After 24 hours of sufficient exploring and eating our way around Portugal’s capital, we drove along the coast road to the seaside town of Cascais, around 45 minutes away, to spend our final night in Portugal at the 4-star Pestana Cidadela. A member of the Leading Hotels of the World, this 16th century fortress is another gem from the Pestana Collections portfolio, and home to the Citadel Art District (CAD), the first of its kind in Europe. From the BFG-sized binoculars which greet you at the entrance, and a tree that looks very much like a real tree until you get right up close (the bright red trunk should’ve been a giveaway), to the 600 ceramic swallows that fly up the wall in the foyer, representing the 600 days it took to transform the Citadel of Cascais into a hotel, there’s much for the eyes to feast on; there’s even an in-house Art Concierge to talk you through on a complimentary tour. The rooms are compact due to building restrictions and care taken to maintain the original structure, but they’re not at all suffocating – a prime place to sleep, lounge and explore the area: which includes a typical seaside town centre on its doorstep, nearby surf spot and sand at Guincho, and World UNESCO Heritage Site, Sintra, an hour’s drive away.
For the best views, opt for a Superior Sea View, with double glass doors and a balcony looking on to the marina. A view that got me up at sunrise and carried me along the corridor to the spa and swimming pool, where it continued uninterrupted through floor to ceiling windows, adding entertainment to my morning swim and a place to lounge with tea post massage. 12 of the 126 rooms are labelled Art District, where bar the shell and the necessary bed and bathroom, decision on the design and contents are handed over to a different artist, right down to the music selection: a playful Playmobil-themed one by Brazilian, Heberth Sobral, was a personal highlight. Across the courtyard, below the hotel’s second-hand bookshop, Déjà Vu, is the tapas bar, Tabarna da Praca, which provided the last evening’s feast and the encouragement to doodle with the provided pencil and paper placemat.

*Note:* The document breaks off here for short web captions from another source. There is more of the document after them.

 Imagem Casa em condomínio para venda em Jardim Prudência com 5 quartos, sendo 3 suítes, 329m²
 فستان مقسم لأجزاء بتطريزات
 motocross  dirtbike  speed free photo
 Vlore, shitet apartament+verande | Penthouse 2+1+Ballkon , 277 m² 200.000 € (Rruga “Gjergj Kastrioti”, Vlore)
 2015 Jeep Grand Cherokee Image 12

All manner of dishes (priced from 3-15€) were ordered and laid out for us to share: the popular bacalhau (salted cod fish), clams braised in olive oil and garlic; slow-cooked duck rice; breaded balls of Portuguese sausage; a bowl of addictive potato skin chips and aioli I had to have moved to the other end of the table… Followed by an array of desserts served, you guessed it, ‘pijama’ style, including the star of the show 100% cacao chocolate mousse, and an obligatory tawny port to finish. As we ate and talked over the high points of the weekend, I asked the Portuguese member of the group to translate a line at the bottom of the menu. “It’s saying to ‘eat all up, and cry for more’, she said with a grin. As I walked back to my room, hand resting on my temporary pot belly, running the last 48 hours through my head, I couldn’t think of a better line to sum up my weekend dalliance in Portugal with Pestana.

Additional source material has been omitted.